Tutti gli aspetti simbolici che si possono vedere nella distruzione dell’altro, associata alla decostruzione di sé, indicano la spoliazione progressiva di significato che rende l’agire incolore, meccanico, con o senza sangue. L’attacco alla fertilità della donna, l’induzione di un aborto simbolico che agisce a posteriori e lascia beante, sanguinante per sempre lo spazio della maternità, mira a un’isterectomia psichica. Ma il compiersi dell’atto realizza in modo definitivo anche l’auto-castrazione psichica dell’omicida. Mutilando la donna in questo modo terrificante l’uomo mutila radicalmente se stesso della propria possibilità di presenza nello spazio di congiunzione-disgiunzione dei corpi che definisce la vita come intesa erotica. Il vuoto che ha aperto nella madre lo risucchia. Torna nel grembo materno, diventato tomba, si svuota del senso di sé. Viene la morte e non ha occhi. L’abisso con cui si è identificato lo avvolge e lo penetra.

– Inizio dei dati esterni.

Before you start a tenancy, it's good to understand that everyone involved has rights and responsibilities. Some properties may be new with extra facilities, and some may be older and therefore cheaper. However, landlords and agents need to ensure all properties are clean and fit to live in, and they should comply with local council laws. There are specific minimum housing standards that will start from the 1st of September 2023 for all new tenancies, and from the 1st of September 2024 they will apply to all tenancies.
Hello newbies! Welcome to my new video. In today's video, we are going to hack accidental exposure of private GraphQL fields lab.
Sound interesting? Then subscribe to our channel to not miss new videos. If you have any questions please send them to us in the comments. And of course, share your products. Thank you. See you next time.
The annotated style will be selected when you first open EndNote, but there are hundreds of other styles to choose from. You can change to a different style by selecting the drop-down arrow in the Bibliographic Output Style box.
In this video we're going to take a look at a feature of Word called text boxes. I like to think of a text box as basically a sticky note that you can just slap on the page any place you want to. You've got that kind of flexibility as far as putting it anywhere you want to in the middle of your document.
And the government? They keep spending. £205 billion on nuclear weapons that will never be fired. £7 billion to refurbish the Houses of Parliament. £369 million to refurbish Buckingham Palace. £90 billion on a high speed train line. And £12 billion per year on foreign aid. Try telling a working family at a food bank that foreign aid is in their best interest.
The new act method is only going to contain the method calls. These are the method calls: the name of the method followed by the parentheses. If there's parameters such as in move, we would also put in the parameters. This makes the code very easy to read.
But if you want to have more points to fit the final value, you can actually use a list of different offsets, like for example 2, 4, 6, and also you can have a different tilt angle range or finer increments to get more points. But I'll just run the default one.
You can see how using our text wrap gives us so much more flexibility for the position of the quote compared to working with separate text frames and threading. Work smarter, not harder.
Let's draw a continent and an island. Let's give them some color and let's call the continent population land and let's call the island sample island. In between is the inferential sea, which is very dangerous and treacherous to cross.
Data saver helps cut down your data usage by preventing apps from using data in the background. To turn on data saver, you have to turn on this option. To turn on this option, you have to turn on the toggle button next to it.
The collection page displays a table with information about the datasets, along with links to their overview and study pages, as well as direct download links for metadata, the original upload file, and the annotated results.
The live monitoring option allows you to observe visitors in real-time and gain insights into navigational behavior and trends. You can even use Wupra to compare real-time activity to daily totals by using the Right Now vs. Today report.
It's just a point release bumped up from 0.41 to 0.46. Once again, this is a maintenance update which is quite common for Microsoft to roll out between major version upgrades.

Il femminicidio psichico è uno dei segnali più inquietanti di una patologia affettiva degenerativa che si sta diffondendo tra gli uomini colpendo la loro parte femminile: una frigidità erotica, a volte mascherata dal priapismo, a volte estrinsecata come impotenza erettile o eiaculazione, ma sempre e comunque incapacità di un godimento erotico profondo, vero. L’uomo accecato dal suo privilegio sociale paga un prezzo altissimo in termini di insoddisfazione erotica perenne e la sua volontà di dominio sulla donna, che attacca il significato erotico della maternità, lo rende prigioniero di uno spazio materno arido, desertificato: eterno figlio auto-castrato, un morto che cammina pensando di essere padrone di sé.